# Hard to find SFX



## chonc (Jun 9, 2009)

Post in here if you want to know how to acquire, record and/or design hard to get sound effects. We can work it out together!

Also post here if there is an experience you want to share in post production sound design.

Here's one:

I recently was recording some ambiance on a small town when all of the sudden the local church began shooting LOUD fireworks. I thought my ambiance was ruined... but the slapback of the explosions against the surrounding hills turned out to be a great tail for an edit of distant gunshots :T

let's hear yours!


----------



## planetnine (Mar 3, 2009)

putting enveloped and/or EQ'd white-noise, pink-noise, etc in layers with other sounds can bring realism and originality to some sounds. Layered bottom-end is another essential for some stuff. Have a listen back to anything loud and powerful that you've recorded and low-pass it for thunder, rumble, etc. At a push I've even recorded from underneath a stainless-steel sink unit with the tap running ...low-pass that, and you've got brilliant bottom-end rumble to layer-up thinner sounds or library FX with...

>


----------



## chonc (Jun 9, 2009)

wow definitely will try the metal sink thing!!! great tip!

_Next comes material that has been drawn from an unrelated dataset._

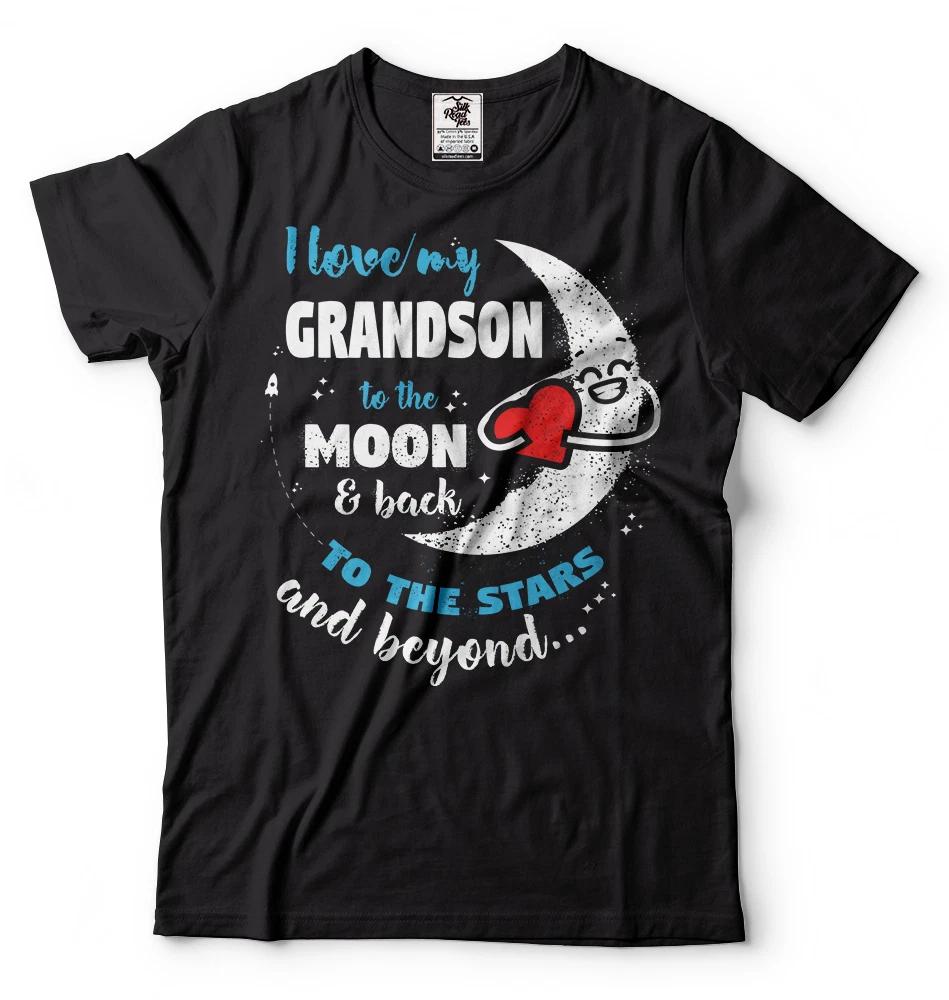 I love my Grandson T-shirt Gift for Grandpa Grandma Grandparents tee Nana Papa S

I've tried the eq'd pink noise layered with effects and works great. Just a word of advice: when editing, don't assign the pink noise rumble to the LFE channel in a 5.1 environment... otherwise you'll end up sounding thin when doing the LT RT mix!

Also try to use a band compressor to thicken a sound. Just over-compress the low frequencies and push the gain a bit... works wonders!


----------